Social media in the classroom

A post on Mashable today, reposting the news about  Birmingham City University’s new social media graduate program got me thinking about the implications of more universities offering courses in new media, social media and all of the above.

I have a great passion for education and, especially when it comes to communications, I believe there is nothing better than when scholars’ work goes hand-in-hand with that of those who pratice the profession in order to improve best practices.

As an undergraduate I read my share of public relations and marketing text books, sat through lectures and took tests to eventually earn the degree that now lets others know that I probably know something about the Uses and Gratifications theory and the four P’s of Marketing. But theory is best learned when put into practice. My interships allowed me to truly see what I was getting myself into in context.

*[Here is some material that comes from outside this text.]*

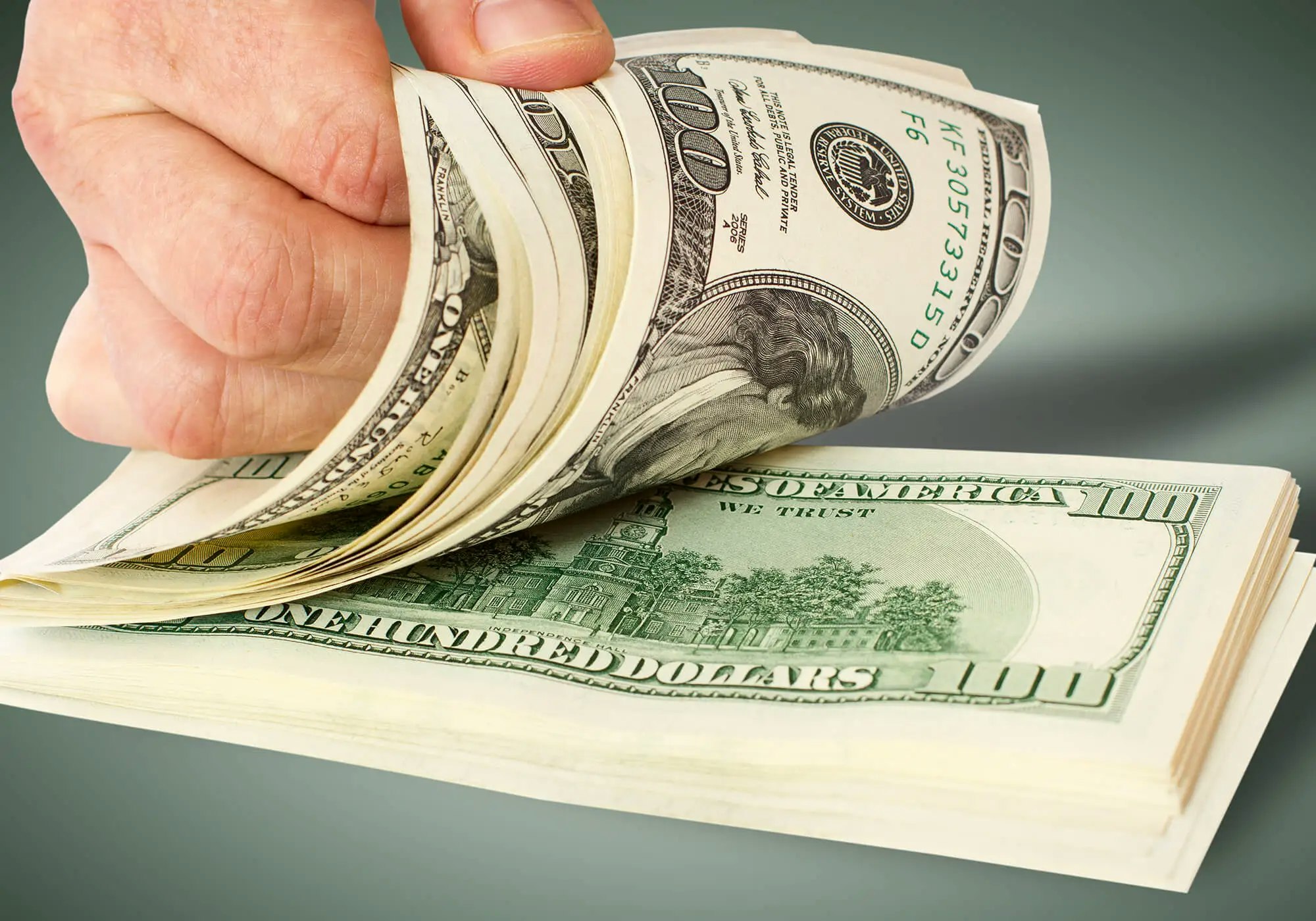 A hand holding a stack of US $100 bills.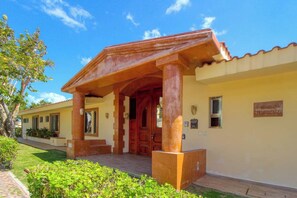A building with a covered entrance, a tiled roof, and a well-maintained lawn. - Beachfront Villa Private Chef, Pool & Transfer (Playa del Carmen)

I know about social media because Facebook launched when I was a freshman in college and ever since then it has been second nature to me (also I am very curious). But what I think we are coming to, finally, is the inevitable – the writing of social media textbooks and the acknowledgement of social media as not only a field in communications but perhaps an industry in and of itself.

My alma mater taught courses on Web design and virtual reality games while I was still in school, Syracuse University managed to establish a New Media Studies graduate program but ended up dissolving it last semester (the courses are still available as electives) and more universities are offering new and social media courses to complement existing communications programs. Here is a description of Birmingham City University’s social media M.A. program.Here are my questions:

  1. If or when degrees in social media become widespread and standard, how will universities ensure that students get the amount of hands-on experience that this field requires?
  2. Where does a master’s degree in social media leave the self-taught?
  3. If social media is best learned through practice, how do we even out the playing field for future generations?
  4. Will social media also lead to the reinvention of academic curricula (I must admit that’s the first time I’ve used the word curricula) with less time spent in class and on theory and more time spent “out there” and on practice?
  5. Will social media degrees only be offered at the graduate level so that students can first learn a more traditional trade?
  6. Can we think of the books, blogs and analytics that are already out there as the first pages of the new social media textbooks? Will they only be available to students on Kindles?
  7. If Edward L. Bernays is known as the father of public relations, who is the father of social media?
  8. Who is the mother?
  9. And, generally speaking, shouldn’t it be mother instead of father seeing as how the mother literally births and nurtures the child? Just a thought.

If you wish you were back in school raise your hand.